18634794. ACTION LOCALIZATION IN VIDEOS USING LEARNED QUERIES simplified abstract (GOOGLE LLC)

From WikiPatents
Jump to navigation Jump to search

ACTION LOCALIZATION IN VIDEOS USING LEARNED QUERIES

Organization Name

GOOGLE LLC

Inventor(s)

Alexey Alexeevich Gritsenko of Amsterdam (NL)

Xuehan Xiong of Mountain View CA (US)

Josip Djolonga of Zurich (CH)

Mostafa Dehghani of Amsterdam (NL)

Chen Sun of San Francisco CA (US)

Mario Lucic of Adliswil (CH)

Cordelia Luise Schmid of Saint Ismier (FR)

Anurag Arnab of Grenoble (FR)

ACTION LOCALIZATION IN VIDEOS USING LEARNED QUERIES - A simplified explanation of the abstract

This abstract first appeared for US patent application 18634794 titled 'ACTION LOCALIZATION IN VIDEOS USING LEARNED QUERIES

The patent application describes methods, systems, and apparatus for action localization on an input video, where data specifying bounding boxes and actions for agents in the video frames are generated.

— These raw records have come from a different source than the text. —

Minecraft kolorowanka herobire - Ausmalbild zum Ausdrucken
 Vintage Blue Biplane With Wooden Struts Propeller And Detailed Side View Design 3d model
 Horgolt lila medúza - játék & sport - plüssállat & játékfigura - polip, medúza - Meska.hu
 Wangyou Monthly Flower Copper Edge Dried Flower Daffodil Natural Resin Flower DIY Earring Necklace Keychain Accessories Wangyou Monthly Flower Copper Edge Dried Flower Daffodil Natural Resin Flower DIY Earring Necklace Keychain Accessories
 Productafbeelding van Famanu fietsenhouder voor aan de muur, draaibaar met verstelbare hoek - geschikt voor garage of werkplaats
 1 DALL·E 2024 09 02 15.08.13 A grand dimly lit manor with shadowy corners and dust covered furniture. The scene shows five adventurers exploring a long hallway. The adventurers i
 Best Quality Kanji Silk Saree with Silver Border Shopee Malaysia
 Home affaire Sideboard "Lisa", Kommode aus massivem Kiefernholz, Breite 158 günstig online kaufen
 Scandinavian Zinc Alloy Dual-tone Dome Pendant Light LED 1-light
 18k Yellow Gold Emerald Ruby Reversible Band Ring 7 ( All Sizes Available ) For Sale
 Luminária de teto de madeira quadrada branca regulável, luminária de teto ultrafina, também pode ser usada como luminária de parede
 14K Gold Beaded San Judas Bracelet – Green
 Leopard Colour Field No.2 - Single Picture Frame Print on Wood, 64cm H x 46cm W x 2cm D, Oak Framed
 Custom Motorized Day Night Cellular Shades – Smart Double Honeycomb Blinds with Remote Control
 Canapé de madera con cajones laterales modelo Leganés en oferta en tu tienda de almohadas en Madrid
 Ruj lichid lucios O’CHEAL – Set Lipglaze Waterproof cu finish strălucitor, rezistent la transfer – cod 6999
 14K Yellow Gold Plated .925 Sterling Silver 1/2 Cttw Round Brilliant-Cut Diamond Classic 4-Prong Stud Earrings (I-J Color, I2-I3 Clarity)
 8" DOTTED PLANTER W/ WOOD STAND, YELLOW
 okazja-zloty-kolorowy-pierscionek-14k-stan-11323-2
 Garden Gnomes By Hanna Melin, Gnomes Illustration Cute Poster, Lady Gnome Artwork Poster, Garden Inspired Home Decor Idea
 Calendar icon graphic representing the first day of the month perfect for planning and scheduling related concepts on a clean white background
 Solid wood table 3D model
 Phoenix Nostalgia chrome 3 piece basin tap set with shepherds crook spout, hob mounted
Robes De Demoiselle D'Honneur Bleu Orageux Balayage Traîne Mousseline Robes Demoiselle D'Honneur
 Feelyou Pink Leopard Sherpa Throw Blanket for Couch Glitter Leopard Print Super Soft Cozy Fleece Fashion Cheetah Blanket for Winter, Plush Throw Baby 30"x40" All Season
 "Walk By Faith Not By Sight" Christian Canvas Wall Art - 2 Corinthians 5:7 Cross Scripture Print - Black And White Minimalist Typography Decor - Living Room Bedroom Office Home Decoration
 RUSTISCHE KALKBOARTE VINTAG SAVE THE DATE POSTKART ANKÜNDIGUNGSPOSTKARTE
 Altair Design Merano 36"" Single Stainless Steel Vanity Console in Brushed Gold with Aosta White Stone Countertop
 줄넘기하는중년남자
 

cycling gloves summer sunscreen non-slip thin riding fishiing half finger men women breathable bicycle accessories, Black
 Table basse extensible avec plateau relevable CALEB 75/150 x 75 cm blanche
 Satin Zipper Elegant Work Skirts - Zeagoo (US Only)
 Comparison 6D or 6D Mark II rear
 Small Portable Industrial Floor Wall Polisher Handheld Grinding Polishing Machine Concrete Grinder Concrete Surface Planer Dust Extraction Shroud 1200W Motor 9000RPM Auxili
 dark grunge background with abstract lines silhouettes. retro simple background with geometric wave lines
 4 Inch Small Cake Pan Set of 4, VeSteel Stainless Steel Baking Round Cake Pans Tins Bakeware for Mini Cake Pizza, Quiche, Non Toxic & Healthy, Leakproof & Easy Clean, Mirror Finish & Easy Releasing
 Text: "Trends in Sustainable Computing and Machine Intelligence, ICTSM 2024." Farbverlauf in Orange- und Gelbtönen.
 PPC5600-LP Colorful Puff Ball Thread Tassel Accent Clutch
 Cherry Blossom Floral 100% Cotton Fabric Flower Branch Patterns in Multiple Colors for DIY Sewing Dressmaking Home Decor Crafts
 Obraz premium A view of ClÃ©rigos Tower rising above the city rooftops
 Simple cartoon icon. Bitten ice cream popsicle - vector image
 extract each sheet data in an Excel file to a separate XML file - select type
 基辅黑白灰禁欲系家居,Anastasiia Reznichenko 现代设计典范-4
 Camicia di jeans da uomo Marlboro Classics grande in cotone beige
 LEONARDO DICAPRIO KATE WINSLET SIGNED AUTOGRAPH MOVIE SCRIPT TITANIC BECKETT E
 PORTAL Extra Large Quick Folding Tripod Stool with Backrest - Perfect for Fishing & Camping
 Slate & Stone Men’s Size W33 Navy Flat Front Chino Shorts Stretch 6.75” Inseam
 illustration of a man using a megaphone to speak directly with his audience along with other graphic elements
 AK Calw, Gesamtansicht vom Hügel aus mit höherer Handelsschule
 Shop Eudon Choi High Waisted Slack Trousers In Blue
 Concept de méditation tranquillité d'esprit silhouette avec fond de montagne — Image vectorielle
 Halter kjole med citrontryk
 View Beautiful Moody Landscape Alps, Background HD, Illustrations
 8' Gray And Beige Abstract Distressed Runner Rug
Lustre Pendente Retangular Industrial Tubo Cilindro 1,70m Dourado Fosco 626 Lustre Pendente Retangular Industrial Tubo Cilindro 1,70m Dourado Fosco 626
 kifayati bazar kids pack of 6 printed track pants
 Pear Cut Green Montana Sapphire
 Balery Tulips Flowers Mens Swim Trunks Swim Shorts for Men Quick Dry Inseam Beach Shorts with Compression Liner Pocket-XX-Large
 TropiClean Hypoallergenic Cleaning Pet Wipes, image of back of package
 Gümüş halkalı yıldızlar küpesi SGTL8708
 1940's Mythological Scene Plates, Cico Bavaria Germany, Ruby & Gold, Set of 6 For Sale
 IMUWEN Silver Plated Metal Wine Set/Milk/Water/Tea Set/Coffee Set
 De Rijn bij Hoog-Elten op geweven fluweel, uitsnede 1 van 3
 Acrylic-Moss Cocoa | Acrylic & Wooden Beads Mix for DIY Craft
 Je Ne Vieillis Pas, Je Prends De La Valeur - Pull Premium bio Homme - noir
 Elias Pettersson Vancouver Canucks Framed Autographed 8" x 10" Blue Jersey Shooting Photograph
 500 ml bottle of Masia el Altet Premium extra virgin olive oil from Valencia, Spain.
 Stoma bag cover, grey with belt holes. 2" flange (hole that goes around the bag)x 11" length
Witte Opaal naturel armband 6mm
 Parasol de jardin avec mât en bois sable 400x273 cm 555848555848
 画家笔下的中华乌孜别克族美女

  • The system maintains a set of query vectors and uses them with the input video to generate an action localization output.
  • The action localization output includes bounding boxes and actions for agents in the video frames.
  • The actions are selected from a set of predefined actions that the agents are performing in the video.

Potential Applications:

  • Video surveillance systems
  • Sports analysis and coaching
  • Video editing and post-production
  • Virtual reality and augmented reality applications

Problems Solved:

  • Efficiently identifying and tracking actions in videos
  • Automating the process of action localization
  • Enhancing the analysis of video content

Benefits:

  • Improved accuracy in identifying actions in videos
  • Time-saving in manual video analysis tasks
  • Enhanced user experience in interactive video applications

Commercial Applications:

  • Security and surveillance industry
  • Entertainment and media production companies
  • Sports analytics and broadcasting
  • Virtual reality gaming development

Questions about Action Localization: 1. How does action localization in videos benefit security and surveillance systems?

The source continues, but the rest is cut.